Climate and Society: Assessing the Use of Historical Datasets

by | Sep 4, 2019

Recent advances in paleoclimatology and the growing digital availability of large historical datasets on human activity have created new opportunities to investigate long‐term interactions between climate and society.

In their efforts to study the long-term consequences of the climate crisis, researchers are becoming more and more interested in how past societies dealt with the challenges of extreme weather events and changing climatic conditions. Aided by the growing digital availability of large historical datasets on various forms of human activity, researchers can now investigate long-term interactions between climate and society better than ever before. Historical data nevertheless require particular care and criticism. In a sense, we can think of historical data as the result of uncontrolled experiments from which a biased subset of results survives. Using historical data non-critically, therefore, can lead to misguided or even spurious conclusions that may become entrenched as accepted knowledge.

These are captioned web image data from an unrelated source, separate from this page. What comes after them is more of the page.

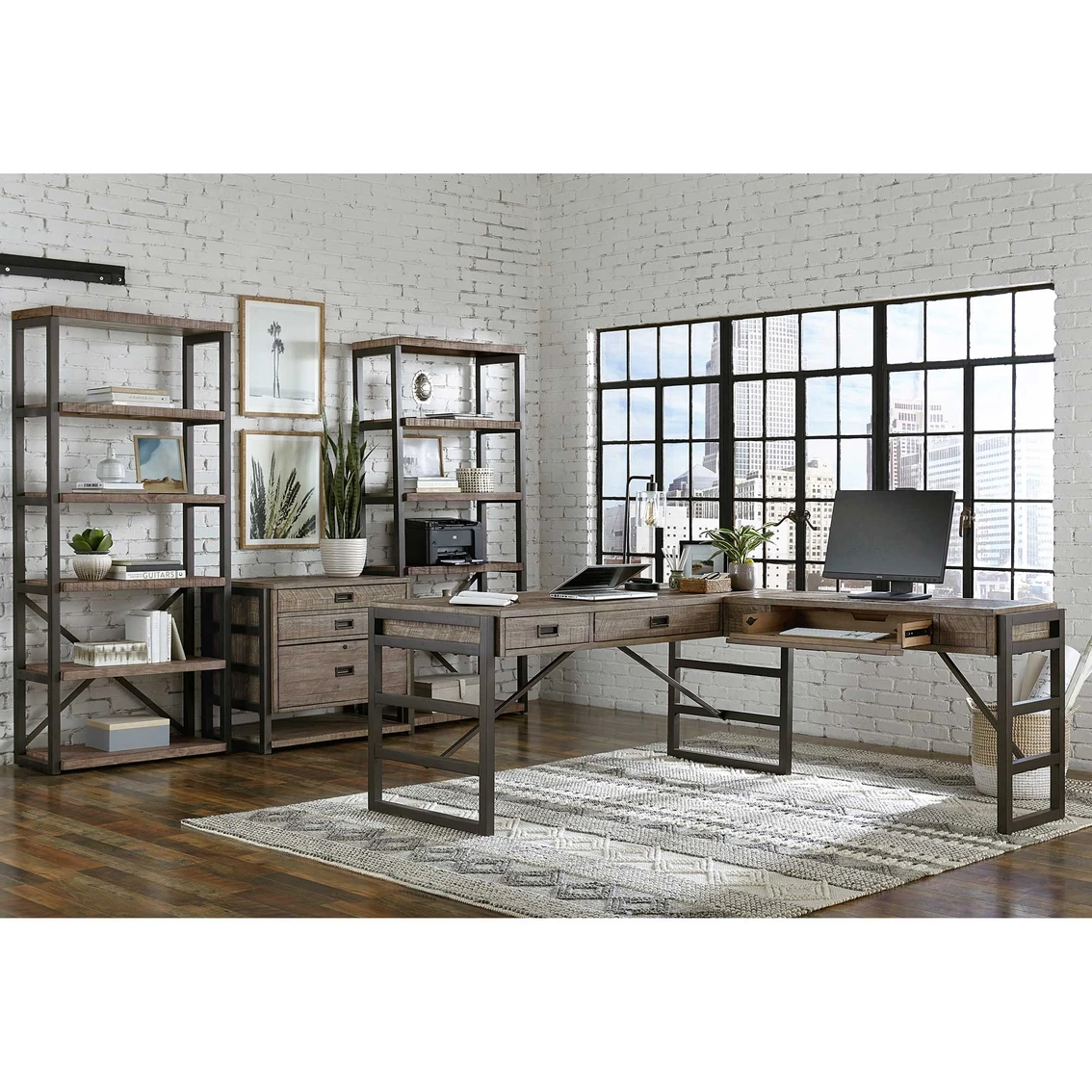 Flash Sale ???? Aspenhome Grayson Writing Desk ???? 4 Flash Sale ???? Aspenhome Grayson Writing Desk ???? - Image 4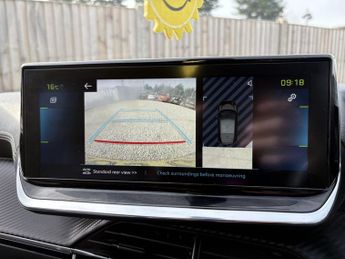 PEUGEOT E-208 50kWh GT Hatchback 5dr Electric Auto (136 ps)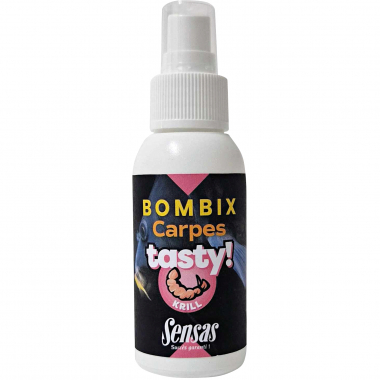 Sensas Bombix Carp Tasty (Krill | Orange)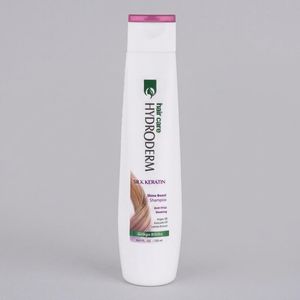 شامپو براق کننده مو هیدرودرم مدل Ginkgo Biloba مناسب موهای فر، حاوی عصاره آرگان و آووکادو، حجم 250 میلی‌لیتر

In this WIREs Climate Change review, an interdisciplinary team of economic and environmental historians demonstrate pitfalls in the content, use, and interpretation of historical datasets employed in research into the long-term effects of climate variability on a) human conflict, b) disease incidence, and c) agricultural productivity changes.

The authors show that historical source critique, temporal and geographical data critique, social contextualization, and use of up-to-date historiography are absent in the majority of relevant publications in leading academic journals, and particularly in the more influential ones in terms of field-weighted cited impact. The conclusions in these studies using historical datasets thus suffer from systematic biases, which may lead to spurious results that gain undeserved sense of reliability and authority in the literature.

The authors conclude their review by proposing three sets of interventions to overcome these problems. These include: a more critical and multidisciplinary collection and construction of new historical datasets; increasing the specificity and transparency regarding uncertainty and biases in the data; and replacing inductive with deductive approaches to study causality between climate and society. The review goes on to explain how this will improve the validity and robustness of interpretations on the long-term relationship between climate and society, and will ultimately enable a meaningful integration of history as a key component in any interdisciplinary endeavor to understand the long-term effects of climate change.